If I leave it on default of 8 cores, 1, 2, 8 workers, that runs normally. So it seems limited to 4 cores/4 worker setting.

ATH 2019-07-29 08:25

Sounds like it is a problem with hwloc?

I think you can disable hwloc with this line in prime.txt, maybe you can check if that helps?
EnableSetAffinity=0

mackerel 2019-07-29 08:52

I'm at work now so it will be some time before I can do any follow up testing. It seems to get past hwloc ok, and the crash happens when running the fft. I guess the question now is, what is different about running 4c4w than 8c 1,2,8w?
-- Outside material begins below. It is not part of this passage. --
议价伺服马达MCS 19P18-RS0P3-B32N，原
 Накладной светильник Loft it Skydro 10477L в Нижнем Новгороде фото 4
Forgot to say, I quickly tried same on a 6700k at 4c4w, ran normally without problem.

Edit: didn't think at the time, wonder if 8 cores, 4 workers would work...

Prime95 2019-07-29 13:49

Does not sound like an hwloc problem.

mackerel 2019-07-29 17:43

To recap and cover new testing:

Prime95 29.8b5
Windows 10 64-bit (probably all on 1903)
4800k FFT throughput benchmark

3700X (Zen 2, 8 cores)
8 cores 1, 2, 4, 8 workers: ok
4 cores, 4 workers: crashes

3600 (Zen 2, 6 cores)
6 cores, 1, 2, 6 workers: ok
4 cores, 4 workers: crashes

6700k (Skylake 4 cores)
4 cores, 4 workers: ok

8086k (Coffee Lake 6 cores)
6 cores, 1, 6 workers: ok
4 cores, 4 workers: ok

I can't easily test older Ryzen generations as I dropped the new CPUs into the systems that had them.

ixfd64 2019-07-29 18:44

Is this issue 100% reproducible?

Prime95 2019-07-29 19:29

[QUOTE=ixfd64;522529]Is this issue 100% reproducible?[/QUOTE]

Probably. It has affected 2 different users - both Windows.

Does it happen under Linux? Any chance either Evil Genius or mackerel could load Linux in a VM and try mprime?

Evil Genius 2019-07-29 19:53

I have it running in the Linux subsystem. What parameters do you want me to use with mprime?

Evil Genius 2019-07-29 20:03

[QUOTE=ixfd64;522529]Is this issue 100% reproducible?[/QUOTE]


Yes. I'm just one of the early adopters.

Prime95 2019-07-29 20:27

[QUOTE=Evil Genius;522537]I have it running in the Linux subsystem. What parameters do you want me to use with mprime?[/QUOTE]

./mprime -m

Then choose Benchmark and the same options you used under Windows.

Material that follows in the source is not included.